I ordered the Grilled Pork Chop for my entrée. It was served with a smoky garlic polenta, pickled peaches, roasted vegetables with a drizzle of a bourbon peach reduction. It should more accurately as a large pork filet, the bone was removed and it was cut into four thick slices, and served atop the other components. I ate one of the end pieces first, my first impression was that it was a bit over-seasoned with salt and pepper. As I moved to one of the interior slices I saw that one half of the slice was medium and the other half raw, I was not about to eat raw pork. I spoke with the manager and the server and she immediately removed it. When it returned the two interior slices were now well-done and the other end slice was still half cooked, half raw, the kitchen did nothing to correct that slice.
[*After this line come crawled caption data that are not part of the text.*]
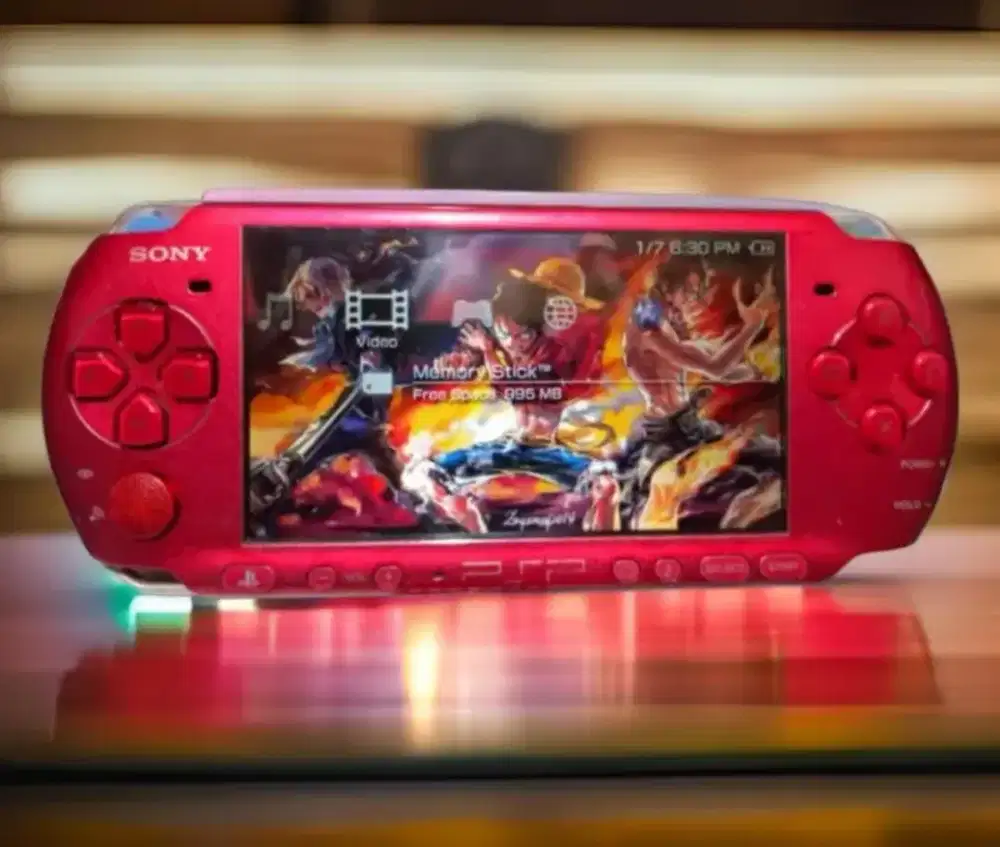 Psp sony 3000 red ferari full 55 game psp merah siap muluss lancarr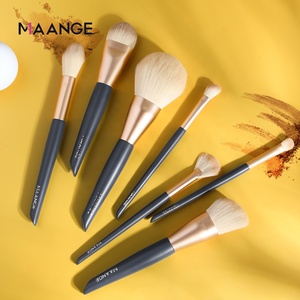 MAANGE-brocha <span class=keywords><strong>de</strong></span> maquillaje con logotipo personalizado, conjunto <span class=keywords><strong>de</strong></span> brochas cosméticas <span class=keywords><strong>de</strong></span> nailon vegana, bajo pedido mínimo, 14 Uds. - Product Image 5
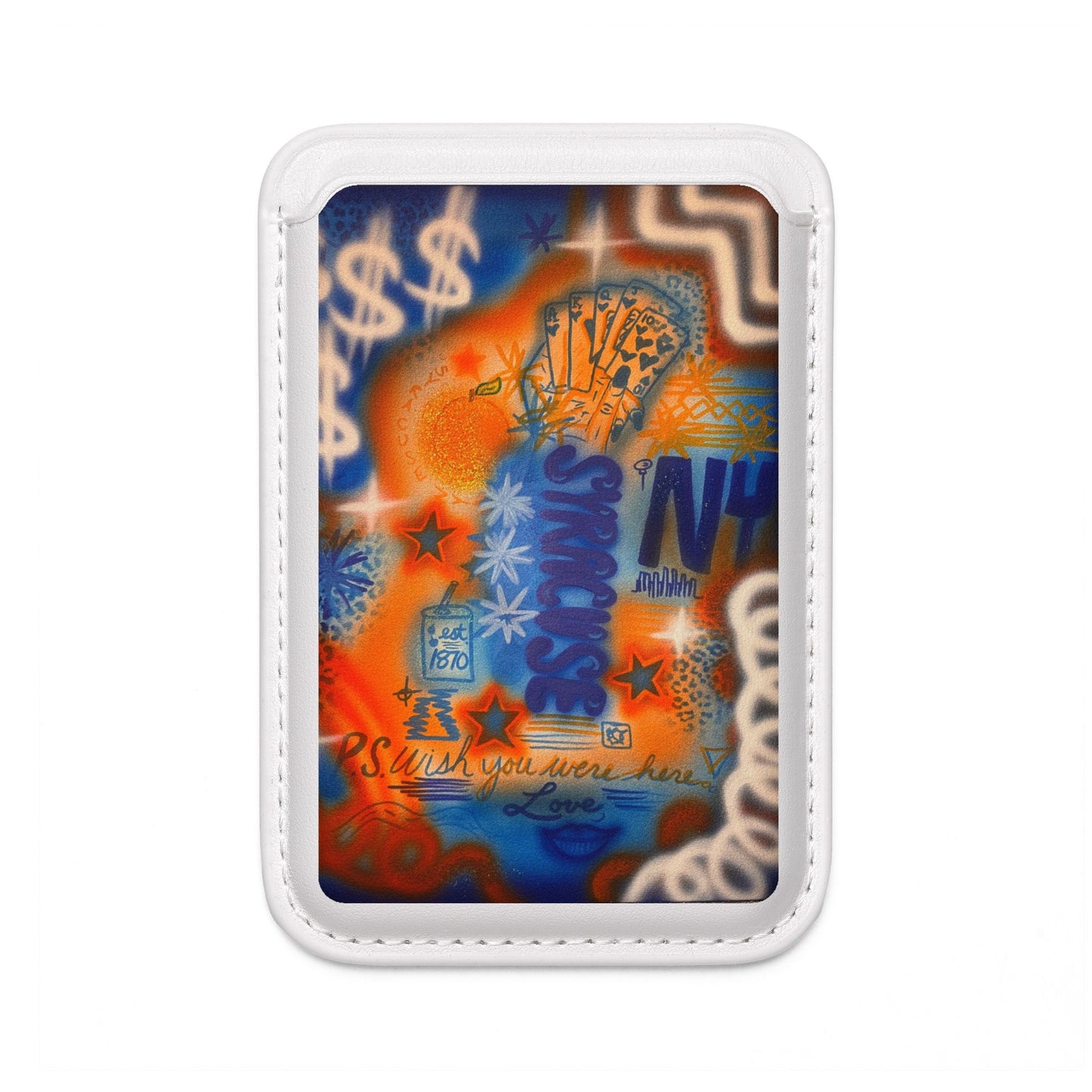 "syracuse" airbrush vegan wallet (Magsafe® Compatible)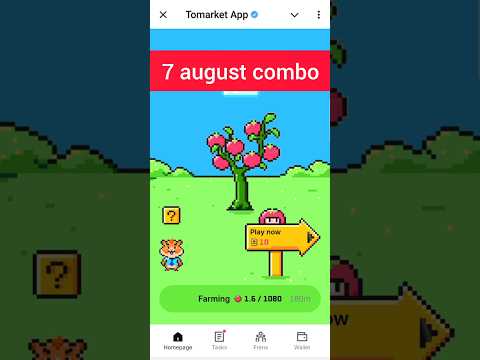 Tomarket combo today 7 august | tomarket mystery | tomarket tomato secret | tomarket secret combo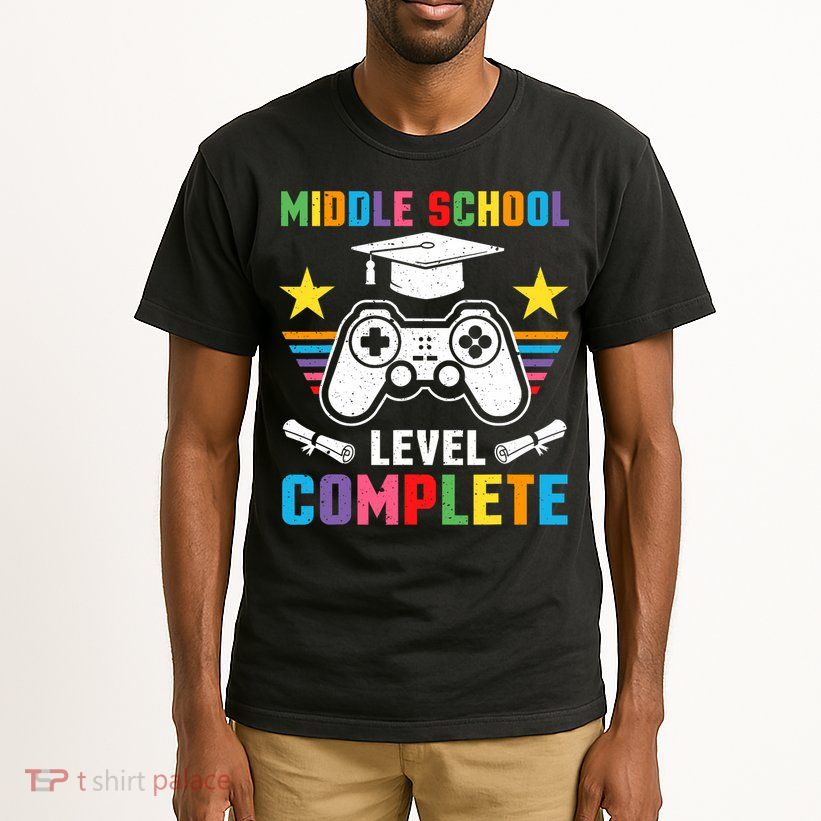 Middle School Level Complete Graduation Class 2025 Gamer  Tall T-Shirt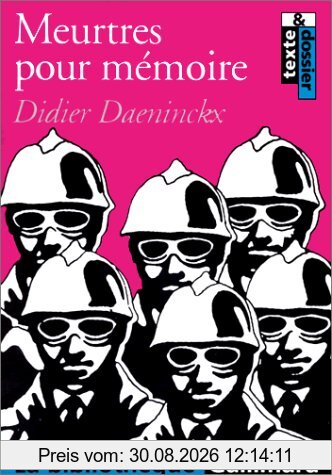 Meurtres pour mémoire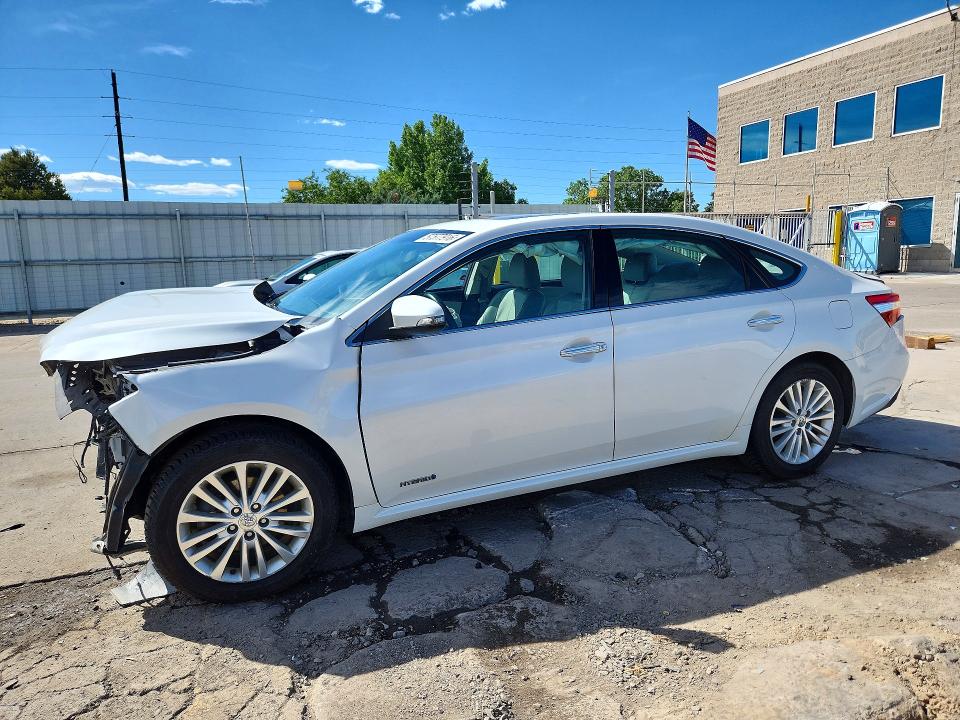 2014 Toyota Avalon VIN 4T1BD1EB3EU020672 COPART salvage auction — FRONT END, IL - SALVAGE CERTIFICATE, sold $1,550 on 2026-08-26 (photo 1)
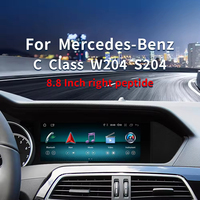 Reproductor Multimedia Estéreo para Auto con Radio y DVD, Compatible con Mercedes-Benz Clase C W204 S204, Pantalla de 8.8 Pulgadas, Carplay Inalámbrico, GPS, Bluetooth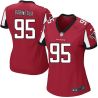 Cheap Jonathan Babineaux Falcons Women Jersey From China Red Game #95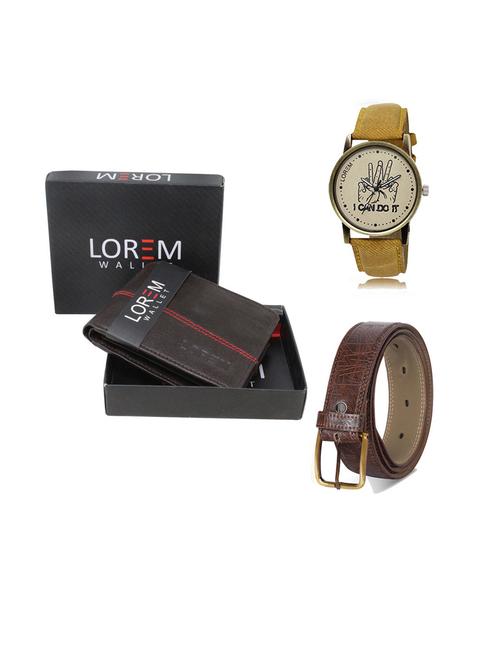 belt, wallet & watch gift combo - 19544114 - Very Small Image - 1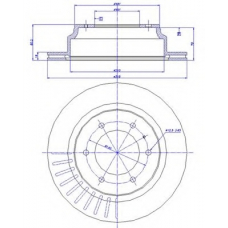 142.488 CAR Тормозной диск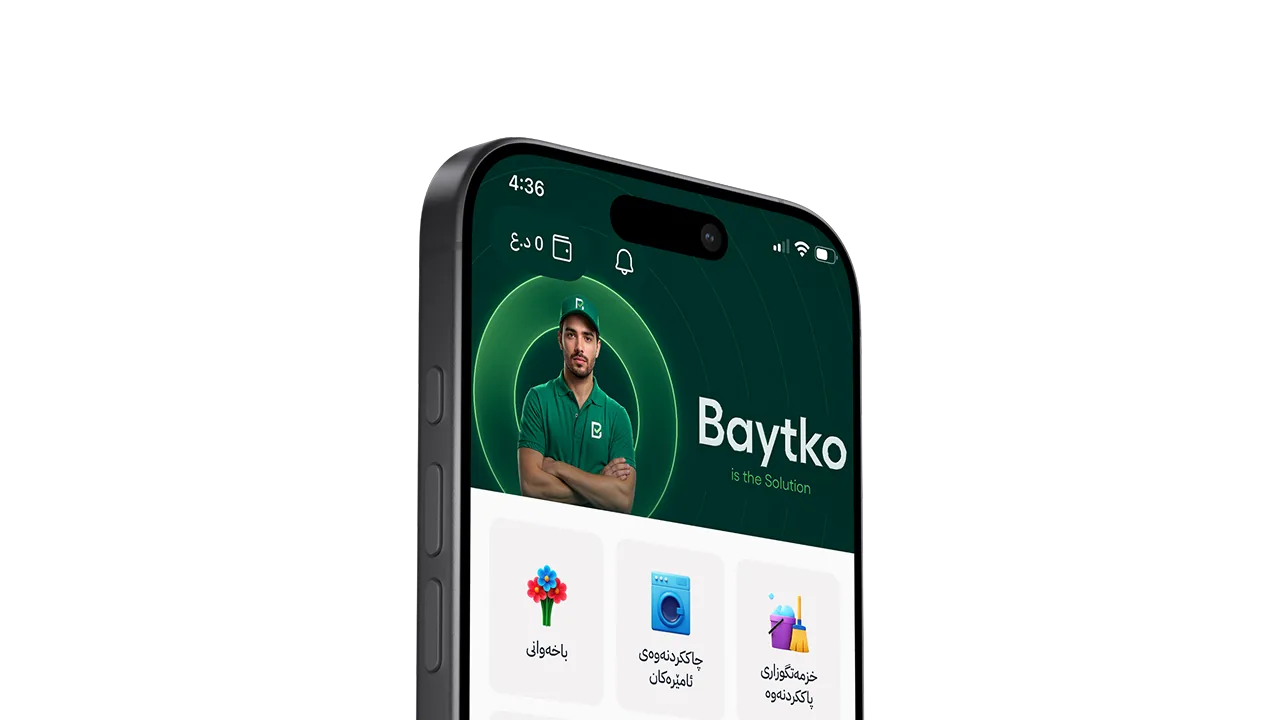 The Baytko app shown on the App Store on an iPhone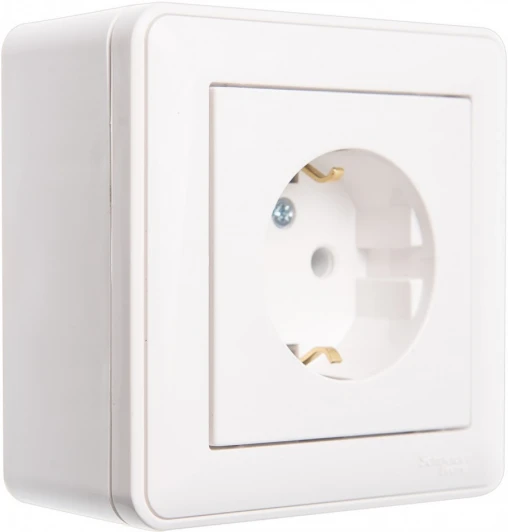 KP-152-18 Коробка наружного монтажа подъемная с рамкой на 1 пост (белый) Systeme Electric W59 KP-152-18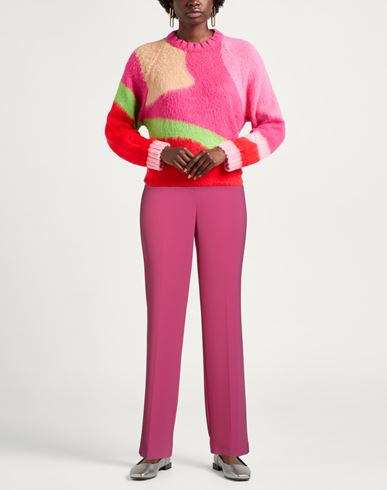 Woman Pants Fuchsia Size 6 Polyester, Elastane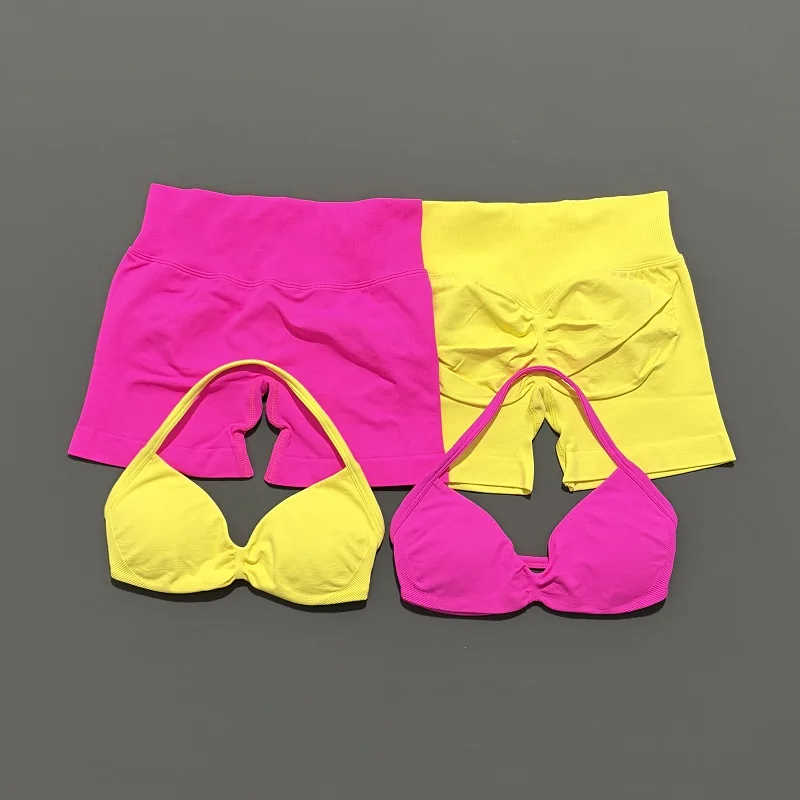 Women's Seamless Sports Bra Set 6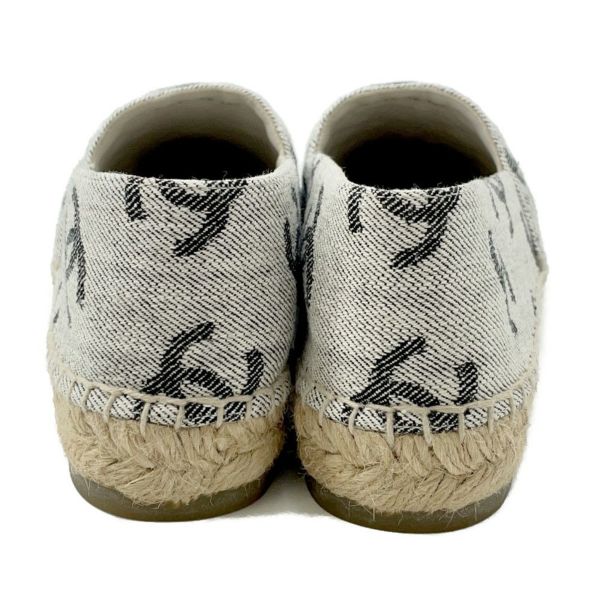 シャネル エスパドリーユ ココマーク キャンバス レディースサイズ38C G39028 CHANEL 靴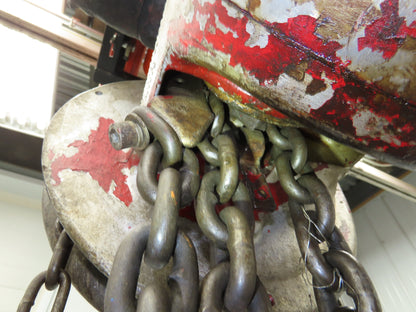 CM Cyclone Model M 1-1/2 Ton 3000Lb Manual Chain Fall Hand Hoist 15' Lift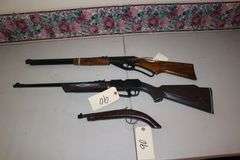 Daisy Powerline 880 BB Gun, Daisy Limited Edition BB Gun, and Cap Gun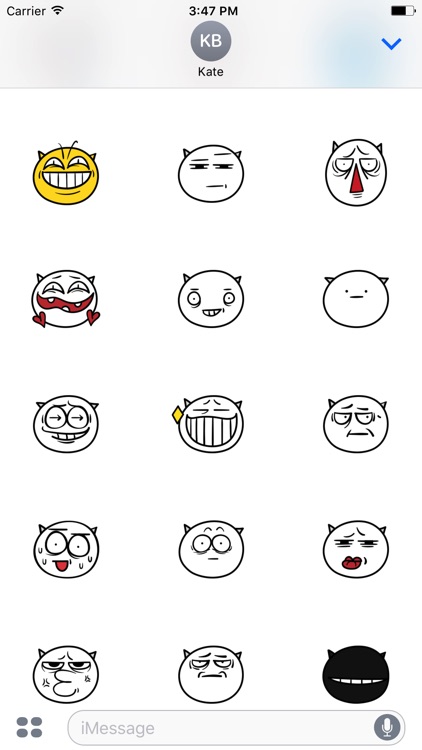 Animated Devil Emoji Stickers For iMessage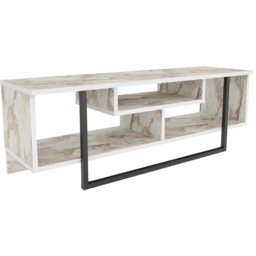 Decorotika Asal Ephesus and Black Wide TV Unit - Size: 40.2 x 119.4 x 35.2cm - Multi - Wilko - thumbnail 3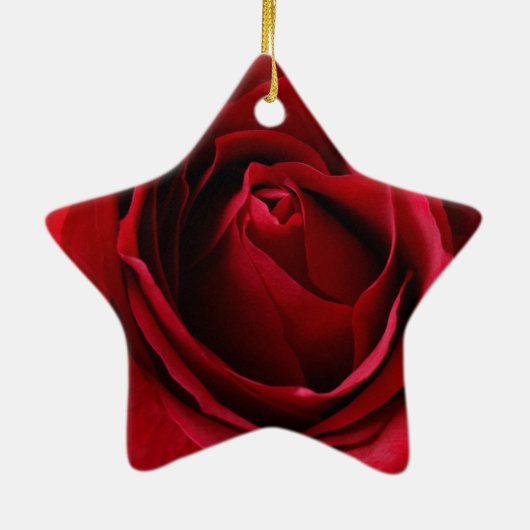 rode roos keramisch ornament (Achterkant)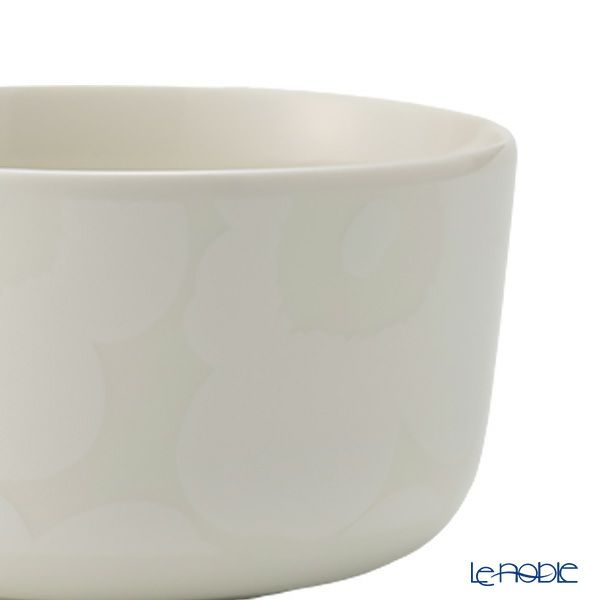 マリメッコ（marimekko） Unikko ウニッコ ボウル 500ml ホワイト×ナチュラルホワイト 072591-100／23AW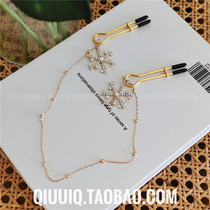 Spice Passion SM Tuning Utensils Christmas Snowflake Hot Drill Pendant Chain Tease Nipple Miller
I was not amused and it was removed from both the table and the bill. I would classify the kitchen’s attempt to repair their mistake a complete failure on their part and the manager never returned nor offered his apologies.
Others enjoyed their entrees, which including the scallops, duck, Mahi Mahi and the special of the evening the Bolognese.
For dessert I ordered the black cherry cheesecake. It was an individual serving with the berries both embedded in the cake and a couple of squirts of sauce on the plate. It was creamy and very good.
Overall it was an incredibly disappointing visit to the Old Stone Farmhouse. The flatbread was horrible and the crudo was not to my liking. But the fact that the kitchen saw the pork was half raw after slicing it and still served it and then compounded this mistake by knowingly overcooking two of the three pieces on its re-fire and again serving the original slice of half raw pork is completely and totally unacceptable. While the manager was quick to remove the offending plate, he had zero follow-up. When it was sent back a second time, he should have come to the table. We were literally the only occupied table in the entire restaurant.
Mistakes happen and how a restaurant handles that situation is important. Serving raw pork was strike 1, returning the dish with well-done and raw was strike 2 and the manager lack of attentiveness was strike 3. The one star that is earned by the restaurant on this visit was the server, the only professional on site the entire evening.